Sunday 1 May 2016

Thorstein and Sigrid go East

Having occasion to think about Greenland, because of its mountain of frozen fresh water, made me start a very short inventory of the things I know about about the biggest island in the Northern hemisphere. There is the red and white flag [R. echoing the colours of the Dannebrog]. There are the Inuit. And there were the Vikings.  hmmm, that might be it!

The time-frame for Viking Greenland is quite precisely known. Erik the Red, a hard-chaw among even the wild Vikings, was exiled from Iceland for murder and set off West rather than 'home' to Scandinavia.  Previous voyagers had sighted a rocky shore in that direction, so the voyage was not entirely a leap into the unknown; any more than was Columbus's epic journey 500 years later and many degrees further South.  Erik scouted out the shoreline and named it Greenland as a shameless form of propaganda. In 980, he returned with several boatloads of land-hungry farmers and fighters. They built houses and later churches and imported Irish cattle and very likely Irish women and set up home. Two settlements were established: The Eastern Eystribyggð on the South Western tip of the island and the Western Vestribyggð further North along the coast near where Nuuk aka Godthåb, the current Capital, lies.  Some archaeologists name a separate Middle Settlement, while others lump that small cluster of farms in with the Eystribyggð. All three areas supported several farms as early as 985 and they thrived by farming and by trade with their contacts in Iceland and back in mainland Europe. The most valuable 'cash crop' was walrus ivory which was used for such fashion accessories as the Lewis Chessmen [prev]; but the Greenlanders also exported wool, hides, rope and other agricultural produce.  In return they obtained building timber and the iron tools to work it.

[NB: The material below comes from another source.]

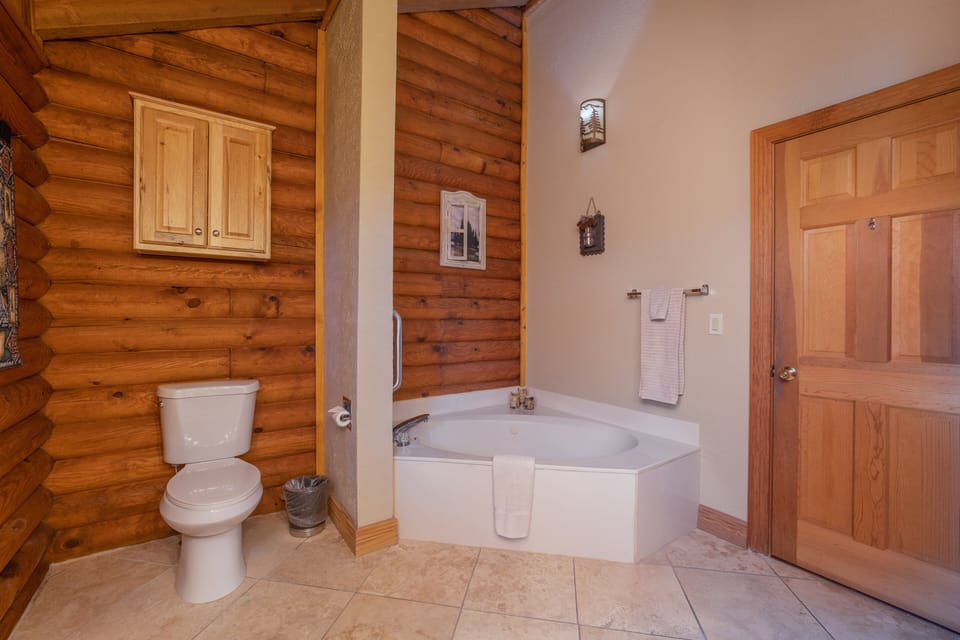 Bathroom 1 whirlpool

And we shouldn't forget the settlement, or at least exploration and exploitation of 'Vinland' by Erik's son Leif Eriksson, whom we've met before being mocked on Wikipedia. In the 1960s, a Viking settlement was revealed at L'Anse aux Meadows [a corruption of L'Anse aux Méduses - Jellyfish Cove] at the very tip of N Newfoundland.  Just recently, through a combination of satellite image-analysis and toothbrush and trowel work on the ground, "space archaeologist" Sarah Parcak has discovered another Norse site far to the South at Point Rosee.  [March issue National Geographic].  Don't ever get the idea that the World has been fully explored in space and time

The Norse folk were there for a long time - rather more than 400 years according to written and archaeological evidence. 400 years from the present day takes us back to the age of Wm Shagsper, Walter Raleigh and the King James Version of the bible. But a combination of circumstances caused the whole thriving community to disappear into the dustbin of history.  It's a nice little mystery with little enough data, so there is ample room for speculation and supposition.  Among the reasons:
  • The descent from the North by island-hopping kayaking Thule people of the Inuit.  Both cultures record knock-down drag-out fights between members of the two cultures.
  • The drying up of the trade in walrus ivory and opening up interior of Africa by the Spanish and Portuguese navigators.
  • Decimation, like the rest of Europe, by the Black Death of 1349 and subsequently, didn't help to maintain a population in many ways already living on the edge.
  • The drying up of trade deprived the populace of contact and certain incoming essentials.
  • The Little Ice Age which may have changed the climate in the Northern hemisphere for the worse.  before we accept a whole interconnected story about how shorter Summers and colder Winters destroyed an agrarian economy based on livestock; we should entertain the idea that the Ice Age is merely a statistical artifact.
Whatever the reliability of the data, Jared Diamond has written a chunky chapter about the end of Norse Greenland in his book Collapse. Reviewed by Jonathan Porrit in the Grauniad. Can't read? Won't read? Too busy? Try the 18 minute summary by Diamond on TED. He notes (it's been a while since I read it) that it became increasingly difficult to grow and harvest sufficient hay to get their livestock through each succeeding Winter.  Archaeological analysis of the middens show that cattle were replaced by sheep and goats as the farms became less supportive. In the same way few cattle were/are kept on our Irish 'mountains' today - the land is marginal and cattle are demanding. As time went on, seals became an increasingly significant part of the diet. Diamond makes much of an extraordinary claim that, even facing starvation, the Norse refused to eat fish.  It was as if it was not kosher or that fish sapped your manhood. These assertions have been called into question with such rhetoric as "If the Northmen were so averse to eating fish, how come they named one of their settlements Salmon Stream; huh? huh?"

Whatever the reasons, the end occurred round about the time that Henry V was thrashing the French at Agincourt [1415, Branaghprev].  In 1408 Thorstein Olafsson, an inblow from Iceland married  Sigrid Björnsdottir at Hvalsey Fjord in Greenland. That is the last ceremony of which we have any written record. The newly-weds went to Iceland and those of her neighbours who didn't follow perished where they had lived.